Standardized Testing While Social Distancing: CVHS Prepares for Testing Season


Photographer: Gabi Rodriguez

Students and teachers are expected to wear their masks during standardized testing.

CVHS is officially in test day countdown. From October 27th through October 29th, the school will host the
College Board’s PSAT for freshmen and juniors, and the SAT for seniors. Given the COVID-19 circumstances, administration is tasked with the added responsibility of accompanying hundreds of students, as well as faculty, staff, and fellow administrators with a covid-proof test zone. Here’s what we know:

Regardless of whether students chose to learn virtually or on-site, there is no online option for either test. Students must come to Carnegie campus. Testing week will commence on Tuesday, October 27th, beginning with the SAT for the seniors. Freshmen will follow on the 28th with the PSAT, and juniors will bring testing days to a close with the same test on the 29th.

The PSAT, also known as the National Merit Scholarship Qualifying Test (NMSQT), is offered to high school freshman, sophomores, and juniors. Administered by the College Board, the test is designed to familiarize students with the SAT, and identifies top test-takers whose scores qualify them for National Merit Recognition and prospective scholarships.

The SAT is the College Board’s official college entry exam, and serves to determine high school juniors’ and seniors’ readiness for college.

The senior class totals approximately 160 students, followed by the freshman class at 200 students, and the junior class at 250 students. For the sake of minimizing contact, sophomore class testing has been postponed from the Fall Semester. 

“It was because of social distancing. It would probably be a lot tougher for sophomore and junior classes, our largest classes ever in the history of Carnegie . Both have over 250 students. The school was built for 600 students, and we’re approaching 900,” said CVHS Assistant Principal, PSAT/SAT head administrator, and AP European History teacher Juan Garner.

Amid this pandemic, there are rising concerns about how CVHS will follow social distancing guidelines. While students are still required to wear a mask and remain six feet apart from others, the layout of the classrooms are a bit different. During the PSAT, about 100 students will test in the gym while the rest are placed into classrooms with 12 to 13 students each. Desks will be placed six feet apart and only students taking the test will be allowed on campus. 
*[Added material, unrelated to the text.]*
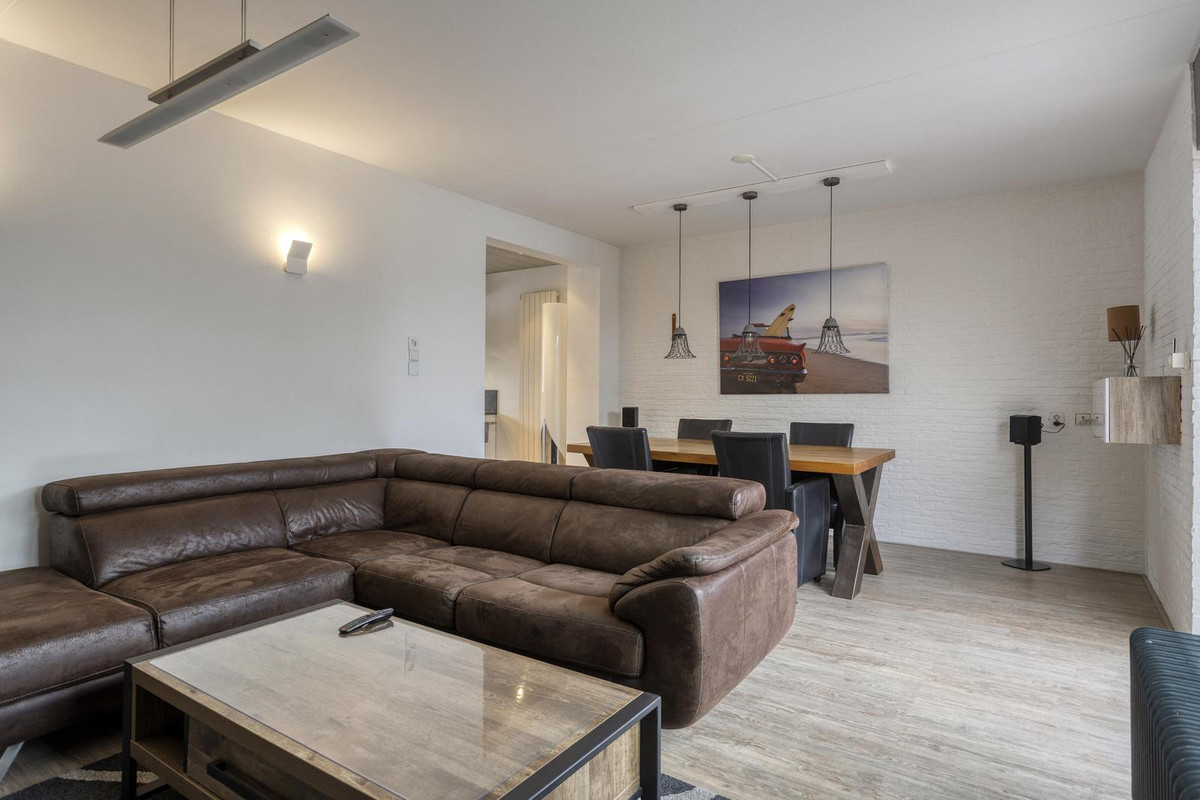 Tussenwoning te koop: Gouwestraat 12, Terneuzen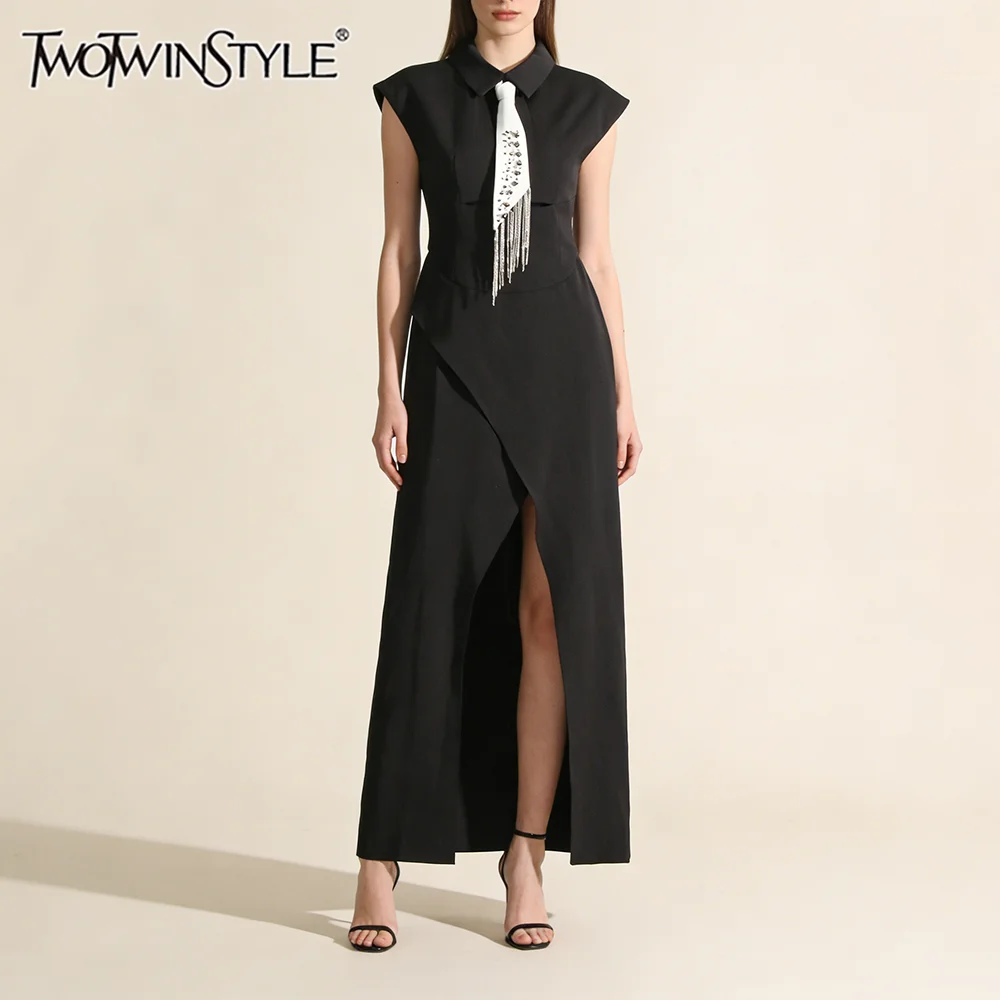 

Платье миди TWOTWINSTYLE белое с бахромой и вырезами, без рукавов, с отложным воротником, приталенное, с асимметричным разрезом, для модных мероприятий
“So that’s what we are doing to try to one, create a safe environment as much as we possibly can, and to offer our students these important assessments,” said Garner. 

As students arrive, they will form a line outside the school, still remaining six feet apart. Students are required to get their temperature taken and will be asked a little questionnaire regarding if they have showcased any symptoms recently. 

“You have to get the temperature taken, you have to sign in and all that. So right at the front door, if the kid has 100 degrees, they won’t they won’t be allowed in. So that’s the first screening and from the beginning, everybody’s temperature is taken at the door. Of course, you got to come in with a mask. If you don’t have a mask, we do have some here that we can give students,” said Garner. 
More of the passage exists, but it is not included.